Female student works in lab

Lowell Sun
By Rick Sobey

LOWELL -- UMass Lowell and three area schools are getting quite a boost from the state.

Gov. Charlie Baker announced a Massachusetts Life Sciences Center capital grant round on Thursday -- funding research centers and life-sciences training facilities at colleges, universities, middle schools and high schools.

UMass Lowell is receiving $5 million to construct biomedical engineering labs in partnership with industry partners.

Area schools receiving life-science grants are: Shawsheen Valley Technical High School in Billerica ($110,000), Dracut's Richardson Middle School ($60,000) and Nashoba Valley Technical High School in Westford ($101,476).

The funding is intended to build strong regional economies, invest in workforce development, and establish deep talent pipelines from high schools to universities to the private sector.

"This is great," said Julie Chen, UMass Lowell's vice chancellor for research and innovation. "We're really happy to expand our ability to train the next generation workforce in biomedical engineering.

"A lot of companies in this region are in the biomedical field, so we can train students and get them connected sooner to the industry," she added.

The $5 million grant will provide the necessary infrastructure to support the growth of UMass Lowell's Biomedical Engineering (BME) program.

The university expects that students will be working in the new labs within three years, and that within five years, it will graduate 100 students (two cohorts) from the BME program, with 95 percent moving into positions with medical device firms or pursuing advanced degrees in related fields.

In addition to UMass Lowell, the governor announced about $580,000 in STEM equipment and supplies for high schools and middle schools; the bulk of this funding will modernize vocational training in applied science and engineering.

At Shawsheen Tech, the $110,000 will help the school equip a new Advanced Manufacturing Medical Device and Robotics Technicians' Lab.

"It's exciting for us," Superintendent Tim Broadrick said. "It's exciting because we know that in our area north of Boston and in the Merrimack Valley, our students are entering a workforce with high-tech manufacturing and health-care businesses.

"This represents a big step into the future," he added.

At Nashoba Tech, the $101,476 will be used to create an Automated Bio Lab, connecting the school's engineering, robotics and biotechnology programs, and introducing students to robotics applications in the life sciences.

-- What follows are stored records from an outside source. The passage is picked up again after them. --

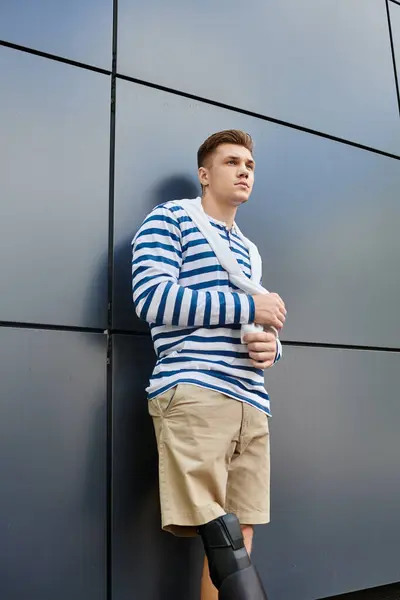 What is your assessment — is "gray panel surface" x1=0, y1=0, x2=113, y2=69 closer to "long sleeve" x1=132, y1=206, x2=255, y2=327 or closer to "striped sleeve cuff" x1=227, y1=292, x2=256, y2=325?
"long sleeve" x1=132, y1=206, x2=255, y2=327

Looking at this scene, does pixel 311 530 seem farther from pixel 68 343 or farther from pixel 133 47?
pixel 133 47

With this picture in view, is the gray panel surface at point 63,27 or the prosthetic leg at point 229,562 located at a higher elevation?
the gray panel surface at point 63,27

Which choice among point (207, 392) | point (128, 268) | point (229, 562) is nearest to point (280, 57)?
point (128, 268)

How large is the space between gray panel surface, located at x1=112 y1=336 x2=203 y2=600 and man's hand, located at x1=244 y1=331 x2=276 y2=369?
52 cm

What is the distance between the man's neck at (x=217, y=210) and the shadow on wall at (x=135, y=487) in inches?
14.2

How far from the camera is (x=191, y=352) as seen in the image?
1.83 metres

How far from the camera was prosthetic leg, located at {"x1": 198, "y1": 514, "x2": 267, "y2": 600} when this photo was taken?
5.06 feet

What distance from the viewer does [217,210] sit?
7.02ft

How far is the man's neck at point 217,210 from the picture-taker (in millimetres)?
2137

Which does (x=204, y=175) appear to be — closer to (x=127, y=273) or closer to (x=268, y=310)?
(x=127, y=273)

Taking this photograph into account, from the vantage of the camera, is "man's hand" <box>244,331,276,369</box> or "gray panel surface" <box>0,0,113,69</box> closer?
"man's hand" <box>244,331,276,369</box>

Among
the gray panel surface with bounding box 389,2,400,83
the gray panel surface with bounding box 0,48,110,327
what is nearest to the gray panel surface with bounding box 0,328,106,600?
the gray panel surface with bounding box 0,48,110,327

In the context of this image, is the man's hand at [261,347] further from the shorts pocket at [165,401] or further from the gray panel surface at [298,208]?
the gray panel surface at [298,208]

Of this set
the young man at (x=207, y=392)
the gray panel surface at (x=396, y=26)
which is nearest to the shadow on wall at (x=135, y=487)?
the young man at (x=207, y=392) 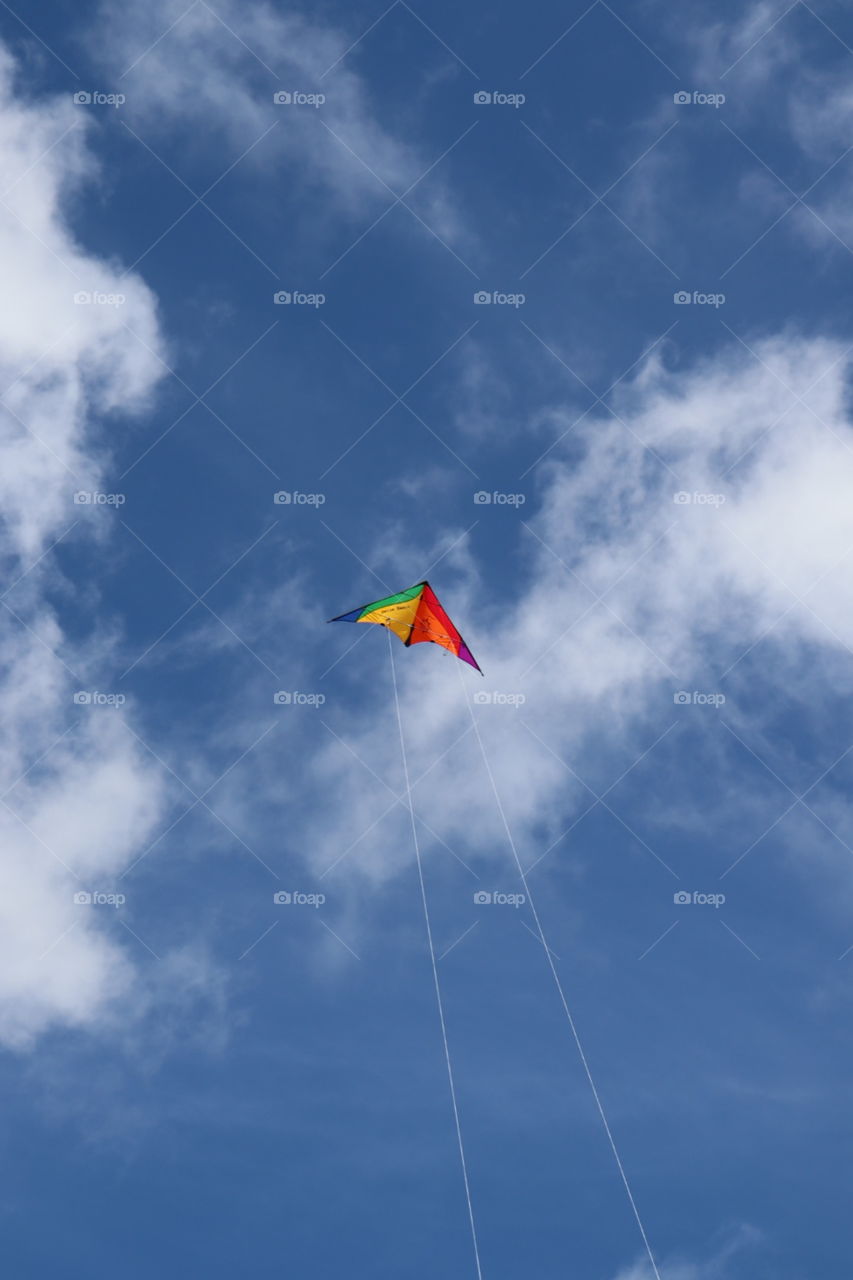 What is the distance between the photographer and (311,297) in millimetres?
43688

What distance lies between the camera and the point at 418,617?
142 feet

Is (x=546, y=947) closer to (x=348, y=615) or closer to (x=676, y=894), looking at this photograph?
(x=676, y=894)

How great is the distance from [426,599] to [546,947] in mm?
11293

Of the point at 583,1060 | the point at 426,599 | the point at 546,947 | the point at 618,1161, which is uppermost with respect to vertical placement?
the point at 426,599

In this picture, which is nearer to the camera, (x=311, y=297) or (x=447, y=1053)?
(x=447, y=1053)

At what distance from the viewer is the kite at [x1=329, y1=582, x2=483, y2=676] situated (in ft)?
139

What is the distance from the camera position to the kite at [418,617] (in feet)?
139

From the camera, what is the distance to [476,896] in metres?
42.8

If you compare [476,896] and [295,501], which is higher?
[295,501]

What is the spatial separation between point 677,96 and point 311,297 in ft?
44.2

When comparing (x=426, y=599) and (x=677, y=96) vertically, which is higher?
(x=677, y=96)

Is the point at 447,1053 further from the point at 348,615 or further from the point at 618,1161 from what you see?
the point at 348,615

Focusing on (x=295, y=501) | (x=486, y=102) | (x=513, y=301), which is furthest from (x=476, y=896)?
(x=486, y=102)

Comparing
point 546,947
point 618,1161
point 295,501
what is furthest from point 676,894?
point 295,501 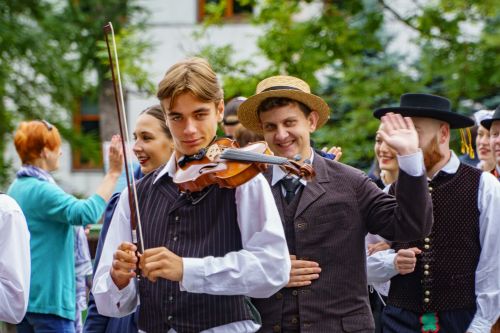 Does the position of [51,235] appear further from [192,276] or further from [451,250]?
[192,276]

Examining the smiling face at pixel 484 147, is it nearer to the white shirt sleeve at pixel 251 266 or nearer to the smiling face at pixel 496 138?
the smiling face at pixel 496 138

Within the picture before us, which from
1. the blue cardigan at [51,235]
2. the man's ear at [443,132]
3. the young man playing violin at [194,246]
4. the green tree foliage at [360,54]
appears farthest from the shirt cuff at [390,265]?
the green tree foliage at [360,54]

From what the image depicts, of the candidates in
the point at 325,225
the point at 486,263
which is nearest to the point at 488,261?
the point at 486,263

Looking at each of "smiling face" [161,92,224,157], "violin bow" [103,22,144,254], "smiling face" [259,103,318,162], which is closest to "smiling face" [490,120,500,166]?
"smiling face" [259,103,318,162]

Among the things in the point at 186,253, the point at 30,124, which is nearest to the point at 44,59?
the point at 30,124

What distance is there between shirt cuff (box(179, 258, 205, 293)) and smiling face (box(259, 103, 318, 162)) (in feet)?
3.84

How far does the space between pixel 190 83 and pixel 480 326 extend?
2125 mm

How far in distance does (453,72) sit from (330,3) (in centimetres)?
182

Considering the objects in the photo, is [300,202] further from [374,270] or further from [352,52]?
[352,52]

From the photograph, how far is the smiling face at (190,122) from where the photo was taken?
3750 mm

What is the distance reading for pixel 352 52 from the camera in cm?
1241

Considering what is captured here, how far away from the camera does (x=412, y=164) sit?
4031 millimetres

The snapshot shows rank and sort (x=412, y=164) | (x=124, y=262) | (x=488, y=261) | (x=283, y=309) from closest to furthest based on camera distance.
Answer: (x=124, y=262) < (x=412, y=164) < (x=283, y=309) < (x=488, y=261)

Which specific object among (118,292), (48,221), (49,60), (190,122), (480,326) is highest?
(49,60) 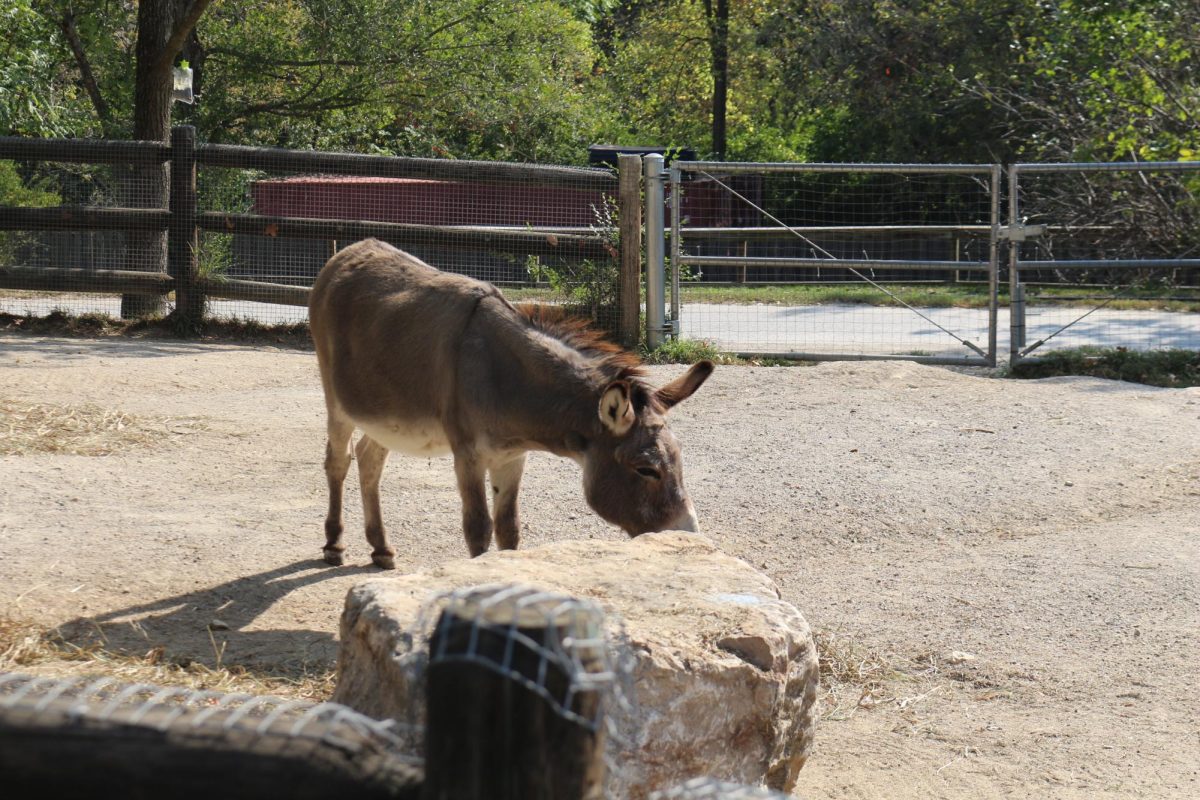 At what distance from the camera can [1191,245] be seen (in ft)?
48.1

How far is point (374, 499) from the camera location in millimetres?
6121

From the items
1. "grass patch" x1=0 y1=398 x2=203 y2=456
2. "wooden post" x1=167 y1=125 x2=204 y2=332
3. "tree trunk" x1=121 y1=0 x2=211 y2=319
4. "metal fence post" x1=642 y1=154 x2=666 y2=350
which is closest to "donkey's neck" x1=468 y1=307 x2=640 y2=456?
"grass patch" x1=0 y1=398 x2=203 y2=456

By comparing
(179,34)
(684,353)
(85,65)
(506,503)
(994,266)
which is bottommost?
(506,503)

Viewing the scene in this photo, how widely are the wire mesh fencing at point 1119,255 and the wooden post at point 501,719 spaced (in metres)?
11.0

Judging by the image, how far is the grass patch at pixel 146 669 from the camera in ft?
14.1

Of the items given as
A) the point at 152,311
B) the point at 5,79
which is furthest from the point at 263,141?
the point at 152,311

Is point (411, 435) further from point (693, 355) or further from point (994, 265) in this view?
point (994, 265)

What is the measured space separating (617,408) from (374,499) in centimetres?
189

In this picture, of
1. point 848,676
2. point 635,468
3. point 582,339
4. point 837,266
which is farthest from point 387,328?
point 837,266

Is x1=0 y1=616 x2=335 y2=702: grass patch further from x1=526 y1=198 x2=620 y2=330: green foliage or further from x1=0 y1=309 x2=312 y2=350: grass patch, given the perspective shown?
x1=0 y1=309 x2=312 y2=350: grass patch

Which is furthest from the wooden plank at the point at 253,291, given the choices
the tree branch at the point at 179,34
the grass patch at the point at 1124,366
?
the grass patch at the point at 1124,366

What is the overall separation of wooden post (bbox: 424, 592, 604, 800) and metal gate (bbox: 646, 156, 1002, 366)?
32.5 ft

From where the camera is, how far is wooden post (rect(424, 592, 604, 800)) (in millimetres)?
1490

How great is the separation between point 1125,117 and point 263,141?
A: 1244 centimetres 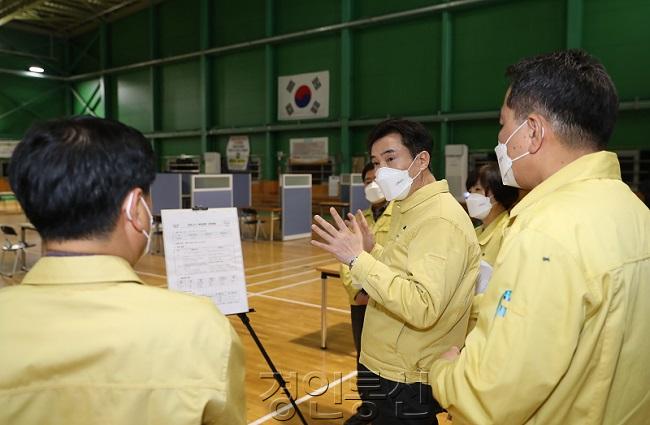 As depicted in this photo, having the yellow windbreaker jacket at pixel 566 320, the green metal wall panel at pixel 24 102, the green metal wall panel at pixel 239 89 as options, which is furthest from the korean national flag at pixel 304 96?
the yellow windbreaker jacket at pixel 566 320

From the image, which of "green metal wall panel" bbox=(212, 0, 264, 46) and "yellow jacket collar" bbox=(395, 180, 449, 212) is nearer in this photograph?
"yellow jacket collar" bbox=(395, 180, 449, 212)

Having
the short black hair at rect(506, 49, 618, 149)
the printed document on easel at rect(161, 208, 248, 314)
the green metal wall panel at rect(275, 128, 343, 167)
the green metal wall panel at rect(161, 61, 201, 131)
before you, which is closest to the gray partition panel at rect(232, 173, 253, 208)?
the green metal wall panel at rect(275, 128, 343, 167)

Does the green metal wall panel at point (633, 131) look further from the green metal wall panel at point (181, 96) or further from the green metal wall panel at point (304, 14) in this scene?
the green metal wall panel at point (181, 96)

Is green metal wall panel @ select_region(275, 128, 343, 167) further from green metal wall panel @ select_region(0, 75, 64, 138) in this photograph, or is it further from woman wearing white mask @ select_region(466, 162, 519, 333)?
woman wearing white mask @ select_region(466, 162, 519, 333)

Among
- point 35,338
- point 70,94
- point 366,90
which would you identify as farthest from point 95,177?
point 70,94

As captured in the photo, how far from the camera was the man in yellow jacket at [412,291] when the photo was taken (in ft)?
5.53

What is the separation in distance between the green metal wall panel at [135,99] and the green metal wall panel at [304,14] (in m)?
5.93

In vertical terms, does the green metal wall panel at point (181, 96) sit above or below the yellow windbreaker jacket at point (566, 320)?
above

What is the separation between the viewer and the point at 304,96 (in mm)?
14586

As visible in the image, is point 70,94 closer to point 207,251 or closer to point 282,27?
point 282,27

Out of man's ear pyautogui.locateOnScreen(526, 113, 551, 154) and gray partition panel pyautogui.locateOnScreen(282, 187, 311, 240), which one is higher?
man's ear pyautogui.locateOnScreen(526, 113, 551, 154)

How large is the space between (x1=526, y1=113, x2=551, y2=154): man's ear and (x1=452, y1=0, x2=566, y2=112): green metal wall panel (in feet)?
33.9

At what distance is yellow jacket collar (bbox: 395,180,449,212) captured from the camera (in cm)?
195

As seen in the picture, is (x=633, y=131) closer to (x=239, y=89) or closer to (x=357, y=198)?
(x=357, y=198) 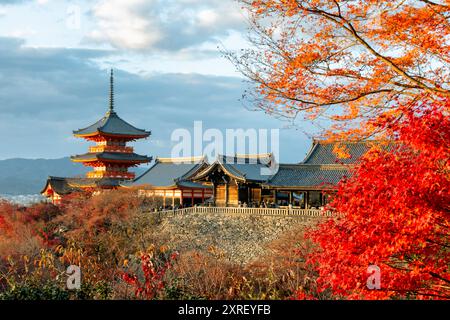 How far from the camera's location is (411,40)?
32.8 ft

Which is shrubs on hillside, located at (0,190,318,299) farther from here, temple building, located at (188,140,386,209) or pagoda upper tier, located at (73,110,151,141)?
pagoda upper tier, located at (73,110,151,141)

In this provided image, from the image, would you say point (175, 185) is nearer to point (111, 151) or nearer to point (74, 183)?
point (74, 183)

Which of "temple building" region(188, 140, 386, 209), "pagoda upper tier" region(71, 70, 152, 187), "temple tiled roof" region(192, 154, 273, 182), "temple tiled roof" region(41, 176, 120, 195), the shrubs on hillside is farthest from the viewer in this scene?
"pagoda upper tier" region(71, 70, 152, 187)

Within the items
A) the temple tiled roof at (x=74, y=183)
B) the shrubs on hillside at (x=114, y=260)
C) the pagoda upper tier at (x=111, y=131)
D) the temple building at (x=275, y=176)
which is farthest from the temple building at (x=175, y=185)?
the pagoda upper tier at (x=111, y=131)

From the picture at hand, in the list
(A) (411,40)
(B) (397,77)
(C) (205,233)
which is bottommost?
(C) (205,233)

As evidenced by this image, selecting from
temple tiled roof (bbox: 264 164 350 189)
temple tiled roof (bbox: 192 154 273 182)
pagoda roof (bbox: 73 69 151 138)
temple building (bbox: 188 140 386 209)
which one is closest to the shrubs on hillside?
temple building (bbox: 188 140 386 209)

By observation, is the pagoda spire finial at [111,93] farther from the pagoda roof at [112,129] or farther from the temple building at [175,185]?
the temple building at [175,185]

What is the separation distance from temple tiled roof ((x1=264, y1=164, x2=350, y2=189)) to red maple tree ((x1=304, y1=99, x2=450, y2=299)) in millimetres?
20006

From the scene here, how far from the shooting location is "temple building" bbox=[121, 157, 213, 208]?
1463 inches

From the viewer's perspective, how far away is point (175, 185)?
36906mm

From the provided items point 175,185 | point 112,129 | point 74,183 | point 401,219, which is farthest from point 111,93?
point 401,219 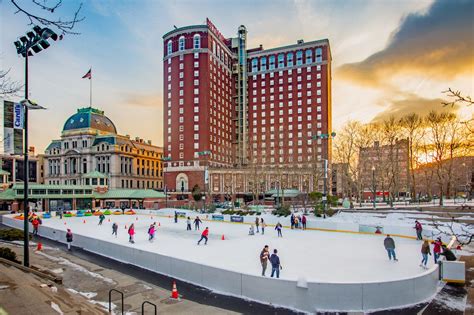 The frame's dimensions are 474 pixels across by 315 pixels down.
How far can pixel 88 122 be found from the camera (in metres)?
93.0

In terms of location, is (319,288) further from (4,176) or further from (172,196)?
(4,176)

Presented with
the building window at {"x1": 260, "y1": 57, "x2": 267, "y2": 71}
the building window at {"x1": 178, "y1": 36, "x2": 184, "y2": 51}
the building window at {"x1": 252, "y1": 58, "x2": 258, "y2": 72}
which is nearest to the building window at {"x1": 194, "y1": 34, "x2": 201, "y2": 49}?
the building window at {"x1": 178, "y1": 36, "x2": 184, "y2": 51}

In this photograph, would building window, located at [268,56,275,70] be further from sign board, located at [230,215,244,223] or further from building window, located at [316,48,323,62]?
sign board, located at [230,215,244,223]

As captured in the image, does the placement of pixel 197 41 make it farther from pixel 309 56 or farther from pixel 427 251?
pixel 427 251

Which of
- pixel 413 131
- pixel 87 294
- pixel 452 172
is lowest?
pixel 87 294

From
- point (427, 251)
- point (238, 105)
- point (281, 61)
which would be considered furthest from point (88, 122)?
point (427, 251)

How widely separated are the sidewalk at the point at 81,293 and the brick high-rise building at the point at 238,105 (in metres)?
54.7

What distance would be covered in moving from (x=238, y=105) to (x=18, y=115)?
8758cm

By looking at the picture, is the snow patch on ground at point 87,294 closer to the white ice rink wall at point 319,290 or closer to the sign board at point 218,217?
the white ice rink wall at point 319,290

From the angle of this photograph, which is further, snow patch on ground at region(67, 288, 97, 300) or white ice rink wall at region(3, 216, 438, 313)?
snow patch on ground at region(67, 288, 97, 300)

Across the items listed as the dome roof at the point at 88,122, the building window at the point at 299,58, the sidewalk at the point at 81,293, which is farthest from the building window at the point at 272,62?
the sidewalk at the point at 81,293

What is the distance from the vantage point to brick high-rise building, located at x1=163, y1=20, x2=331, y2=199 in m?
78.4

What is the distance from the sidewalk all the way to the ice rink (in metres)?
3.31

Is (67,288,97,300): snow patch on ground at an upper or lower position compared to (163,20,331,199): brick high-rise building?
lower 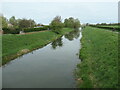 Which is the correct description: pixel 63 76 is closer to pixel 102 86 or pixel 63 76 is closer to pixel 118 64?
pixel 102 86

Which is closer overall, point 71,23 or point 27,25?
point 27,25

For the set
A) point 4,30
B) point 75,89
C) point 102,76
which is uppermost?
point 4,30

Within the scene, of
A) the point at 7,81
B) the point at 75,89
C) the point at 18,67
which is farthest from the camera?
the point at 18,67

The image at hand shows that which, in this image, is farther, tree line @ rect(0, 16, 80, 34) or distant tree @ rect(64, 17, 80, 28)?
distant tree @ rect(64, 17, 80, 28)

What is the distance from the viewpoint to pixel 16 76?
10984mm

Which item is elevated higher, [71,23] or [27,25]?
[71,23]

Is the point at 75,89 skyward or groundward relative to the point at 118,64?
groundward

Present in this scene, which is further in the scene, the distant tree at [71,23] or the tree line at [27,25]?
the distant tree at [71,23]

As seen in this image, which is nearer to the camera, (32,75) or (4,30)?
(32,75)

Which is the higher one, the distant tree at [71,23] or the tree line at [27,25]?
the distant tree at [71,23]

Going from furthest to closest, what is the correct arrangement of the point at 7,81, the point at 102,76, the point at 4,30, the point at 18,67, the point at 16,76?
the point at 4,30
the point at 18,67
the point at 16,76
the point at 7,81
the point at 102,76

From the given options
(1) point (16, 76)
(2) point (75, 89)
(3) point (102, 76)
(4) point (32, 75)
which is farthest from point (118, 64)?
(1) point (16, 76)

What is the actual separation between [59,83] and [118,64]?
4810 mm

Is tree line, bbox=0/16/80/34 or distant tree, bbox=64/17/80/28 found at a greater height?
distant tree, bbox=64/17/80/28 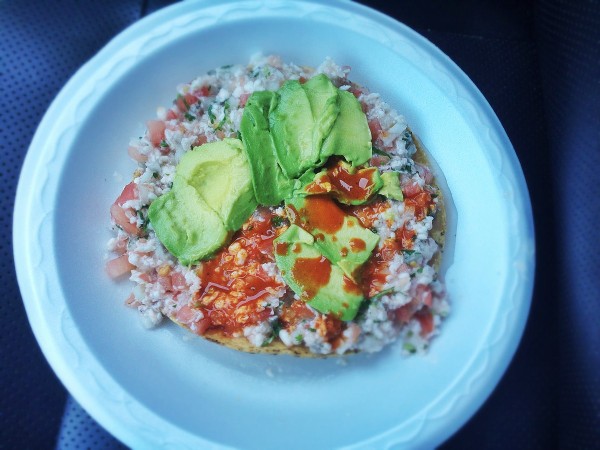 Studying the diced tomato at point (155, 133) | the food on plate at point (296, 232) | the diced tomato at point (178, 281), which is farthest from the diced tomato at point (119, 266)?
the diced tomato at point (155, 133)

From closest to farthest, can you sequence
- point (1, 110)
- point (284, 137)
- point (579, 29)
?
point (284, 137)
point (579, 29)
point (1, 110)

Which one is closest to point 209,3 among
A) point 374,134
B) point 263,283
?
point 374,134

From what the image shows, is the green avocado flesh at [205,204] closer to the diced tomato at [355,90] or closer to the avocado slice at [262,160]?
the avocado slice at [262,160]

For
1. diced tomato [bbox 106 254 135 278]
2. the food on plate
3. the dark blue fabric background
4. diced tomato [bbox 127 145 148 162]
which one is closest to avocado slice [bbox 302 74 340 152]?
the food on plate

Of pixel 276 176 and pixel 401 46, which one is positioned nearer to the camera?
pixel 276 176

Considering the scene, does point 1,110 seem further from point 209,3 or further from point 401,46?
point 401,46

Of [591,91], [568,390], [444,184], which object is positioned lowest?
[568,390]

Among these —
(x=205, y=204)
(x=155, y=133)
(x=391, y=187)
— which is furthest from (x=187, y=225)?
(x=391, y=187) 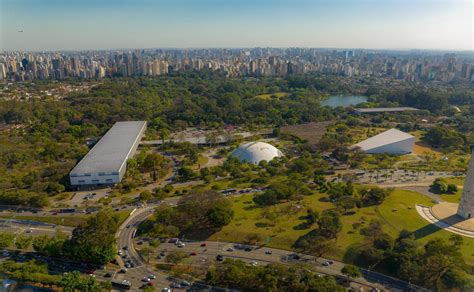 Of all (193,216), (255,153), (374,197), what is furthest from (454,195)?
(193,216)

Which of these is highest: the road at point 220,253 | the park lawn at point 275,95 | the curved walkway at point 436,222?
the park lawn at point 275,95

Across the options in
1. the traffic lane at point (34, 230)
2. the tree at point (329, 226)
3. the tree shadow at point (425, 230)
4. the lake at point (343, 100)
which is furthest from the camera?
the lake at point (343, 100)

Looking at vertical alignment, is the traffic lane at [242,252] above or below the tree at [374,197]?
below

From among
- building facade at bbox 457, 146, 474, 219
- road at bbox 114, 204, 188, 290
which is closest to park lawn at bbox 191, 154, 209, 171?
road at bbox 114, 204, 188, 290

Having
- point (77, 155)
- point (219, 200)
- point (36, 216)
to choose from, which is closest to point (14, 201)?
point (36, 216)

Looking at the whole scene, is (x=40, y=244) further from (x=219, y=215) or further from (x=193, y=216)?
(x=219, y=215)

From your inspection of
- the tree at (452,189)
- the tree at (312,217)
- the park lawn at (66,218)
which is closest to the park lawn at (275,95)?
the tree at (452,189)

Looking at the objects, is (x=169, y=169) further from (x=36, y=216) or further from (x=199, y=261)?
(x=199, y=261)

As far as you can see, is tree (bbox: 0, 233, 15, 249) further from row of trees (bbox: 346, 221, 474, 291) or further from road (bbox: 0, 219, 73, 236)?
row of trees (bbox: 346, 221, 474, 291)

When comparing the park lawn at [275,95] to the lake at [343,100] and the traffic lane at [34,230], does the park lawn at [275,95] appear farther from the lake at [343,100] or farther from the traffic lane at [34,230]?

"We're very excited," Superintendent Denise Pigeon said. "This helps us continue to modernize, and prepare our students for the future and moving on to these fields.

"It's a good next step for our program," she added.

At Dracut's Richardson Middle School, the $60,000 will be used to equip a new STEAM program, and update science classrooms to reflect Next Generation Science Standards. Superintendent Steven Stone could not be reached for comment.

Other schools that received grants are Greater Lawrence Technical High School in Andover, Minuteman Regional Vocational Technical High School in Lexington and Whittier Regional Vocational Technical High School in Haverhill.